The statements, which invaded Jones’ privacy and placed him in a false light, were the result of a conspiracy by Miller and “certain co-conspirators,” the four-page lawsuit said.
“Specifically, she (Miller) falsely asserted that plaintiff (Jones) had approached her in March 2016 at the ribbon-cutting for the opening of the Coal Creek Museum in Rocky Top, Anderson County, Tennessee, and said, ‘Well, I have a silkie hen in my—under my office desk that you could see,’ and ‘Well, do you want to see it?” the lawsuit alleged.
“Defendant (Miller) knew that her statement would be publicly disseminated by print, broadcast, word of mouth, and other means, and the same has in fact been so disseminated from and after the date it was provided,” the lawsuit said.
Miller has repeated the false assertion to other people, both before and after her sworn statement, the lawsuit said.
The false, untrue, and defamatory statements were repeated in newspapers, television broadcasts, and/or other writing or broadcasts, the suit said.

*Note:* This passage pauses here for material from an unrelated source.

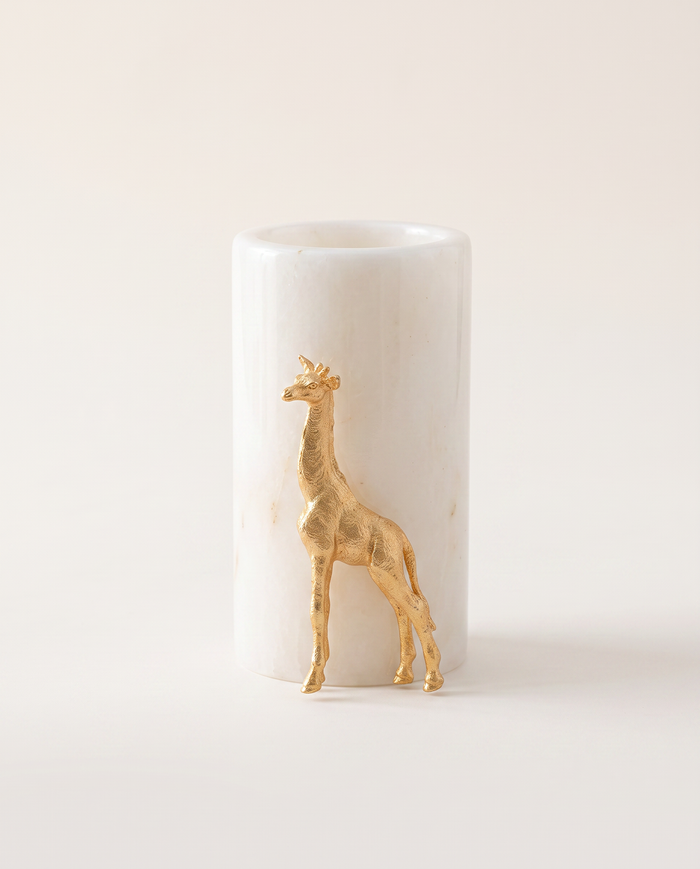 Giraffe Accent Vase in White Marble & Brass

They exposed and continue to expose Jones to “wrath, public hatred, contempt, or ridicule,” and deprive him of “the benefits of public confidence and/or social interaction,” the complaint said.
Some of the co-conspirators are known, and some are not, according to the lawsuit. None are named in the complaint.
It said Jones has been falsely and unlawfully accused of sexual harassment with the purpose of damaging or destroying his reputation and inflicting political damage that would diminish or destroy his changes of being re-elected.
The lawsuit seeks $1 million in compensatory damages and a similar amount for punitive or exemplary damages.
Miller has not yet filed an answer to the lawsuit.
Jones is past chair of the Anderson County Republican Party, and he is facing former Anderson County Mayor Rex Lynch in the Republican Party primary election on Tuesday, May 1.
In an April 3 forum for GOP candidates, Jones said he doesn’t have a hostile work environment, and the employees in his office now are very comfortable working with him.
He suggested desperate people are after him.
“Desperate people will do anything,” Jones said. “False accusations have become the trend.”
More information will be added as it becomes available.